Ma sœur ainée avait vingt-trois ans, tandis que Jenna en avait vingt-et-un, et elles travaillaient au Ravitaillement depuis qu'elles avaient raté leur chance d'aller sur Terre. Ici, comme les études n'existaient pas, c'était le seul métier possible pour les femmes et les Mines étaient le seul pour les hommes. On aurait pu dire que c'était sexiste, ce qui n'aurait été qu'à moitié faux, mais c'était plutôt "se servir des atouts naturels de chacun", d'après le Gouvernement.
— Alors, tu es prêt, Maël ? Demain, c'est le grand jour.
— Je sais, Jenn', tu n'es pas la première à me le dire, je répondis à l'adolescente.
Je savais qu'elle tentait simplement de briser le silence inconfortable mais je n'avais pas la volonté de faire semblant d'être enthousiaste. Renonçant à faire la conversation, elle ouvrit la bouche, puis la referma, avant de retourner à son assiette. Je fis de même et grignotai du bout des dents un haricot sans goût, sans doute périmé depuis longtemps. Je n'en profitai pas vraiment, pourtant j'aurais dû étant donné la rareté de la nourriture, mais je m'étais habitué à la faim.

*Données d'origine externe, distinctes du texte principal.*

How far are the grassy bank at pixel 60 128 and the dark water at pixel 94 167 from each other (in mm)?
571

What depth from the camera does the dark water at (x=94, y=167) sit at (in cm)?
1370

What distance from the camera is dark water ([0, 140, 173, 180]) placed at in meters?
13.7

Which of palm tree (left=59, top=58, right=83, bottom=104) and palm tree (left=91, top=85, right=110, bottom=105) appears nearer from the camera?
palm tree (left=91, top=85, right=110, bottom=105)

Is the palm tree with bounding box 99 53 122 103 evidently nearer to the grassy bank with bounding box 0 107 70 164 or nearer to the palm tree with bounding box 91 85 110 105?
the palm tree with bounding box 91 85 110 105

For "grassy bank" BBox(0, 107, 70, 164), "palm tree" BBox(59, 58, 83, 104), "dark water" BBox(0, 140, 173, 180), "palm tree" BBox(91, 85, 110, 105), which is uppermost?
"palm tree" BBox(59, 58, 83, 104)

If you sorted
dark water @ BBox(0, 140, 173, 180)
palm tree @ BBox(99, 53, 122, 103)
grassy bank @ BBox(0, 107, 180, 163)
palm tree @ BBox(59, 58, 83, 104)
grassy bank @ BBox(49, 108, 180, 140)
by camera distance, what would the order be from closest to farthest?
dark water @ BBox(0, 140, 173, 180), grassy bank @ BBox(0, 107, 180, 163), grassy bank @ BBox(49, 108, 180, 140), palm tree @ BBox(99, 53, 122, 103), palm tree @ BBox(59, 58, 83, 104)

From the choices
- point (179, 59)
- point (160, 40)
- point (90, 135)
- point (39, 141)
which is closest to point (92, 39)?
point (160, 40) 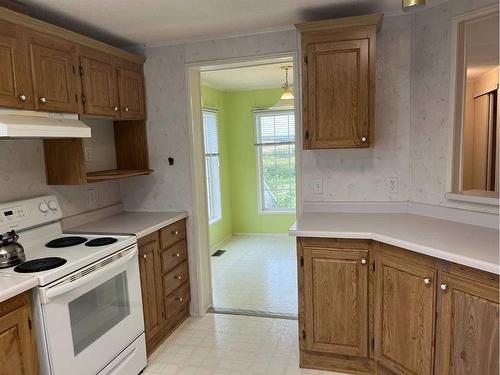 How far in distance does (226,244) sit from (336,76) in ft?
11.4

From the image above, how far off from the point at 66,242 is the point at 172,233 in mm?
802

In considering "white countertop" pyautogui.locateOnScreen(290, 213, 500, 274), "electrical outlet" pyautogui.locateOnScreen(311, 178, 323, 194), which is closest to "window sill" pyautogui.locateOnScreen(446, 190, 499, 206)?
"white countertop" pyautogui.locateOnScreen(290, 213, 500, 274)

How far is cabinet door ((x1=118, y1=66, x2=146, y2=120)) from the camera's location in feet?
8.98

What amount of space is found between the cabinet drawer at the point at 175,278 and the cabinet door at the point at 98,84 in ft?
4.19

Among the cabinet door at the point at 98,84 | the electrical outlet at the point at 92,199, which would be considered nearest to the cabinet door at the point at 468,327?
the cabinet door at the point at 98,84

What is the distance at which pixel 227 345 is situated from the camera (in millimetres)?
2670

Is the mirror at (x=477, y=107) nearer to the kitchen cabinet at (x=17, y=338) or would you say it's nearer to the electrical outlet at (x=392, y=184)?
the electrical outlet at (x=392, y=184)

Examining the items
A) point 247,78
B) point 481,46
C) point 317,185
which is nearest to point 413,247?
point 317,185

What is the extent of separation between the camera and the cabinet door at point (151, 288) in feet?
8.16

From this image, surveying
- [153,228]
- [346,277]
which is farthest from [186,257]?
[346,277]

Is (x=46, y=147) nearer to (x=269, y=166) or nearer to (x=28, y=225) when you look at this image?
(x=28, y=225)

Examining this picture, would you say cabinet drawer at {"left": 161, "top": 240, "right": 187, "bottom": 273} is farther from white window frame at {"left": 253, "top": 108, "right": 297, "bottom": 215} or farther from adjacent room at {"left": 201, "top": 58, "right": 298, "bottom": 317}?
white window frame at {"left": 253, "top": 108, "right": 297, "bottom": 215}

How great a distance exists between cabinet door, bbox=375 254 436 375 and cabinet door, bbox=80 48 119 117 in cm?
205

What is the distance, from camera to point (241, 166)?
18.6ft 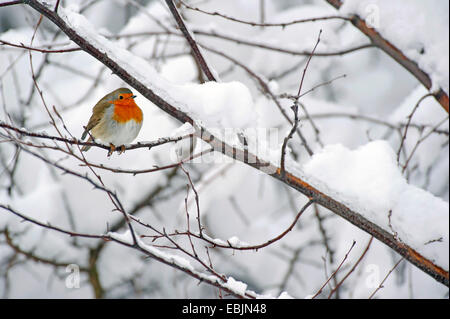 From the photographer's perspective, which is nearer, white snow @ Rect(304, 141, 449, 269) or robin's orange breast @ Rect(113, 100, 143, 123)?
white snow @ Rect(304, 141, 449, 269)

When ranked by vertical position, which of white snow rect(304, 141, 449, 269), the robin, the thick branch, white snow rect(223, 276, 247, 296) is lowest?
white snow rect(223, 276, 247, 296)

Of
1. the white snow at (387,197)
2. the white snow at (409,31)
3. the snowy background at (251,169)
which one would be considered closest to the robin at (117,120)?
the snowy background at (251,169)

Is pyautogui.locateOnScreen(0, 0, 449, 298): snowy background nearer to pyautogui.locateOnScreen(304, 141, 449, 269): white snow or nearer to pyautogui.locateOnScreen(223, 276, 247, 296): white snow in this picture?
pyautogui.locateOnScreen(304, 141, 449, 269): white snow

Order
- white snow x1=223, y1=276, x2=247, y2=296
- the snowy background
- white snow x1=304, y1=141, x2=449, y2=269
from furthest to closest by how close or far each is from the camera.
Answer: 1. the snowy background
2. white snow x1=304, y1=141, x2=449, y2=269
3. white snow x1=223, y1=276, x2=247, y2=296

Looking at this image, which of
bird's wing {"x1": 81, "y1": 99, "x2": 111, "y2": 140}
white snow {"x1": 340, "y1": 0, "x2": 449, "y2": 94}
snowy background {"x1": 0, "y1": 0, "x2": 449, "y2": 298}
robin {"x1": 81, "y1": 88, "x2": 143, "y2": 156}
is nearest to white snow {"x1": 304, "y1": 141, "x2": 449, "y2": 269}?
snowy background {"x1": 0, "y1": 0, "x2": 449, "y2": 298}

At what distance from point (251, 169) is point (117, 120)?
188 cm

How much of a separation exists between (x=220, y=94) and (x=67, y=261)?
2941 mm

Une dizaine de minutes plus tard, je me levai et posai mon assiette sur le bord du meuble de la cuisine, afin d'annoncer :
— Je vais me coucher, bonne nuit.
Je m'allongeai sur le matelas en me poussant au maximum vers la droite, afin de laisser de la place à mes sœurs. Au-dessus de ma tête, j'apercevais le ciel à travers les fentes dans le toit. Il était sombre, aussi noir que de l'encre et aucune étoile ne brillait. À vrai dire, je ne savais même pas ce qu'est une étoile, puisque je n'en avais jamais vu. La pollution était trop forte. D'après mon père, cela ressemblait à un point lumineux jaune, comme un petit soleil, mais j'avais du mal à l'imaginer. Peut-être que sur Terre, on en voyait. Rien que pour ça, j'aurais aimé y aller. Pour savoir comment était le monde qui m'entourait, au-delà des nuages noirs et de l'air au parfum de charbon.
Avec un frisson, je me rendis compte que demain, j'allais savoir. Demain. Un si petit mot, mais qui me paraissait si plein de promesses. Alors, intérieurement, moi aussi je me fis une promesse.
J'allais réussir le Test et j'allais vivre.